MONREALE – Bisogna trovare qualcosa a cui aggrapparsi quando il dolore è uno tsunami che travolge la vita. Ed è questo qualcosa che la gente di Monreale è scesa a cercare in strada per la fiaccolata, riempendo in migliaia ogni centimetro quadrato del basolato in questa Via Crucis di fine aprile.
Il lunghissimo corteo di tanto in tanto si ferma come nelle quattordici stazioni del calvario che condusse Gesù Cristo sul Golgota. Il silenzio è irreale. La gente recita il Padre nostro e l’Ave Maria. La fiumana di persone scandisce i nomi di Salvo, Massimo e Andrea seguiti dalla parole “vive”.
Non è soltanto una fiaccolata per commemorare tre giovani assassinati. La condivisione del dolore è un’esigenza che si nutre della speranza di donare conforto ai parenti di Andrea Miceli, Salvatore Turdo e Massimo Pirozzo, assassinati a colpi di pistola.
“Giustizia per i nostri fratelli”, c’è scritto sul lenzuolo bianco che apre il corteo. Uno striscione mostra le gigantografie dei morti negli istanti di una esistenza felice che non c’è più. Dietro ancora un altro cartello “Siete deboli e piccoli la vostra violenza non serve a costruire ma solo a distruggere”.
Dovevano essere giorni di festa a Monreale che si preparava da mesi in onore del Santissimo Crocifisso. Ed invece le luminarie restano spente.
Dove oggi ci sarebbe stata musica e sorrisi, dolciumi e voglia di divertirsi, si avverte ugualmente fortissimo il senso di comunità. Non era scontato, non lo è in una società che ha smarrito i valori della dignità e del rispetto. Quella stessa società che partorisce e cresce i suoi figli fino ad armarli per sparare ai propri simili.
No, non era per nulla scontato vedere questa immensa folla che abbraccia il dolore degli altri. Forse è questo quel qualcosa a cui ci si deve aggrappare senza distogliere per un solo momento lo sguardo dalle fioriere con i fori dei proiettili. Il male è davanti ai nostri occhi, bisogna vederlo e toccarlo per tenerlo bene a mente e impegnarsi affinché non ci sovrasti.
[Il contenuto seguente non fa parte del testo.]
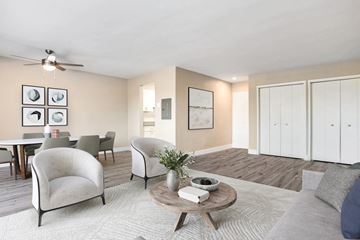 Arlington apartment for rent - A living room with a grey couch, a coffee table, and a dining table with chairs.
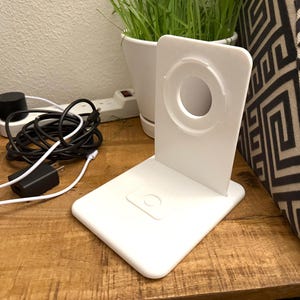 Op de afbeelding: Een witte draadloze oplaadstandaard met een cirkelvormig oplaadgedeelte en een rechthoekige basis. Een zwarte voedingsadapter en een zwarte oplaadkabel zijn zichtbaar op een houten oppervlak. Een kleine pot met gras staat op de achtergrond.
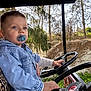 child, toddler, pacifier, denim_jacket, striped_pants, steering_wheel, vehicle, outdoor, trees, greenery, curious, blue_eyes, person, casual_clothing, daylight, nature, hand, portrait, seat, young_child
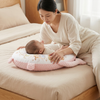Mom and baby using Long Plush Baby Pillow with Printed Design for comfort and support during playtime on the bed.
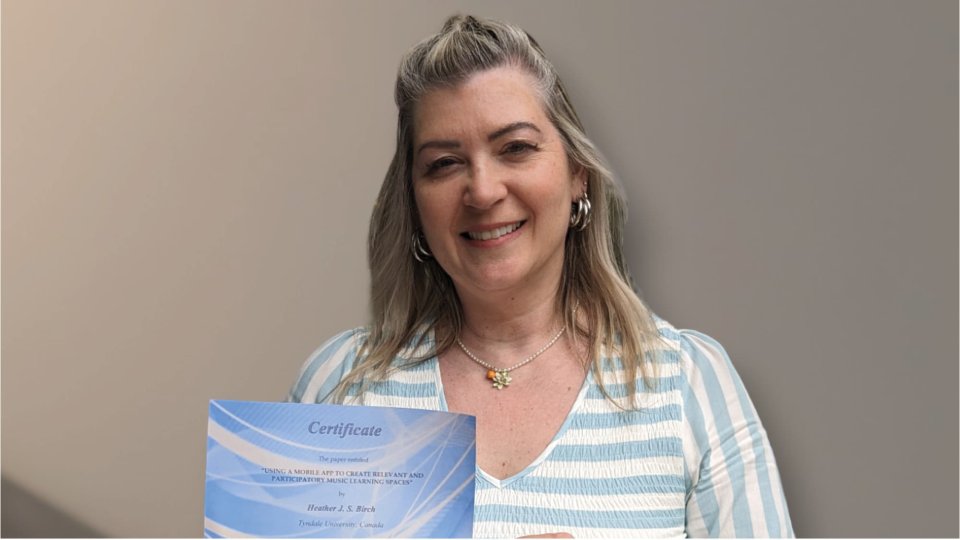 Dr. Heather Birch holds up best paper award certificate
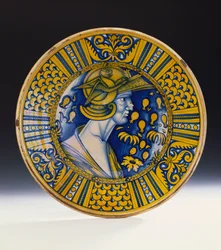 Naczynie portretowe Deruta z połyskiem, malowane na niebiesko i z połyskiem na żółto, przedstawiające wojownika w hełmie ze skrzydlatym gryfem, ok. 1525 r.
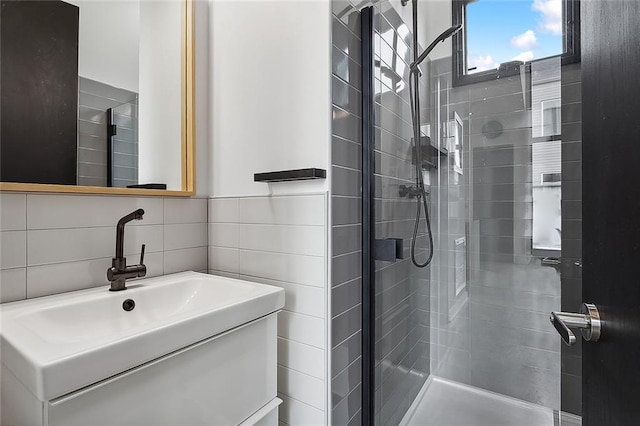 bathroom with vanity, tile walls, and a shower with shower door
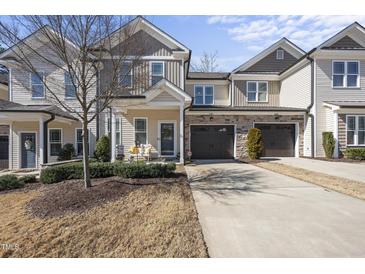 Charming townhome featuring a beige exterior, attached garage, and well-manicured landscaping at 510 Mariah Towns Way, Garner, NC 27529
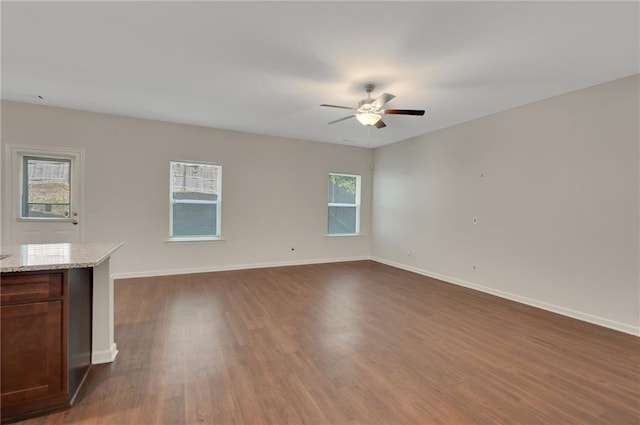 10814 Wheeler Trce, Hampton, GA 30228 - unfurnished living room featuring a ceiling fan, dark wood-type flooring, and baseboards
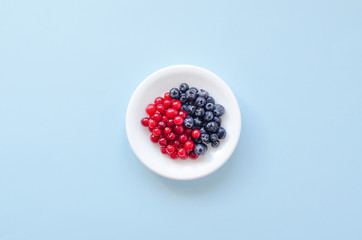 White saucer with berries on a blue background.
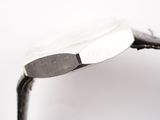a close up of a watch on a white surface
Proprio come fa una signora che tiene per mano un bambino e con l’altra abbraccia suo figlio più grande: “Poteva esserci lui fra i morti”, dice.
L’arcivescovo di Monreale, Gualtiero Isacchi, in prima fila accanto al sindaco Alberto Arcidiacono, prova a tracciare una strada. “Ci avete indicato un modello diverso, questa sera ci avete insegnato che è possibile camminare, pregare, piangere, sperare e attendere un tempo e un mondo migliori”, dice.
“Sono valori che vanno al di là della giustizia che non può colmare il vuoto”, aggiunge. L’uomo di fede pensa ai morti di Monreale e li paragona al “crocifisso del giovane Cristo, che è stato ucciso ingiustamente ma ha portato salvezza. Allora dobbiamo imparare da lui ad abitare queste croci e attraversare anche la strada nel perdono, la più difficile per l’essere umano. Forse impossibile ma con lui tutto diventa possibile”.